During my day job, I help a number of different organisations to build data warehouses on Google Cloud Platform, and one of the key products that make this possible at scale is Dataflow. Dataflow is a serverless product that allows for massive scaling for trivially parellisable problems, such as those typically found in ETL (Extract Transform and Load) applications. This allows the developer to focus on solving the business problem and delivering value, without focusing on scaling and performance. For 90% of cases this is true… let’s talk about that 10%.
I got an email one morning about a dataflow pipeline that had been running for more than 12hrs on a single node. Which given it was meant to be run daily, and all of the other pipelines had run in minutes this was concerning. There was nothing odd about the pipelines at first glance, it simply read a 100MB compressed file and wrote it out to BigQuery. So why did it take so long?
We were making use of the standard Apache Beam transforms for both reading the data from a text file and for inserting it into BigQuery. So we figured that these were not the issue, given that people far smarter than I would have come across this issue and raised a bug report if the performance had been this bad. Pointing at something to do with our application.
The TextIO plugin natively supports decompressing files, but this pipeline seemed to be stuck using a single node, why was this? Looking at the dataflow graph I noticed that all of the steps were lit up green, meaning that they had been fused together dataflow, so each bundle was being shuffled through from start to finish. I’d seen this take a while before when using an external data source as a step. So I added a quick PTransform to key, group, and ungroup the records between reading the file and sending it to BQ. This would effectively decouple reading the file from writing it into BigQuery, as Beam can’t fuse the steps either side of the group operation.
This sped up the reading of the file, and it now took less than 3 minutes to read the file. But the whole pipeline was stuck on a single node, and only processing 90 elements (rows) per second. Giving an approximate run time of ~ 4hrs. However, if not constrained dataflow will aim for 1000s of elements/s, So whilst this was better something still wasn’t quite right.
Down the Rabbit Hole
In order to understand why the performance was poor, I unzipped the file and found it expanded to nearly 20GB from it’s 100MB. So it contains mostly empty fields and rows, but still that level of expansion is unexpected, but gave a clue as to the poor performance.
When processing data from sources, Beam uses a range tracker to work out how to break data up into bundles, which can be shuffled between worker nodes where possible to allow it to scale to massive numbers of nodes. However this can only be determined by from the input, which in our case is compressed. This leads to beam incorrectly trying to keep everything in too few bundles for the size of the resulting file. Leading it to incorrectly assume that a single node is required as there is no other way to break the data up.
Thankfully, we know better, and we can tell Beam this. There’s a utility transform, called Reshuffle, buried in the beam manual that groups all of the elements by a random key into a single window and reshuffles the data into new bundles. Effectively telling Beam, “have another go at breaking this one up”.

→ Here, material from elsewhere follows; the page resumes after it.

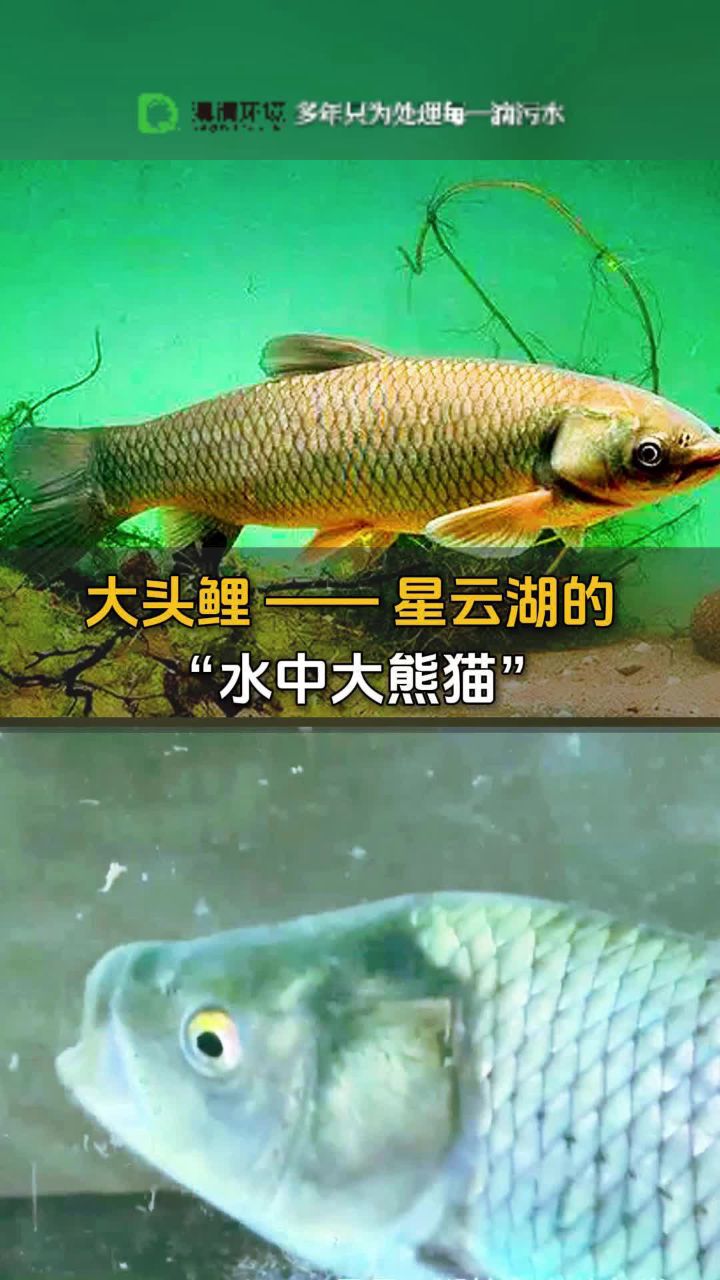 云南滇清环境污水处理厂家:大头鲤星云湖的水中大熊猫!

Did it make a difference? Did it ever! Adding this additional step took the processing time for this pipeline from more than 12 hrs to less than 30 minutes! I removed my hastily thrown together PTransform, put the other niceties back in and the customer was happy.
From this experience, which is the second time I’ve encountered Beam not quite getting it’s scaling right, I wouldn’t hesitate to add the reshuffle PTransform after any step which greatly increases the size of an element, or the number of elements. Whilst it does add a little to the run time, it’s relatively memory efficient and allows Beam to better optimise the rest of the pipeline.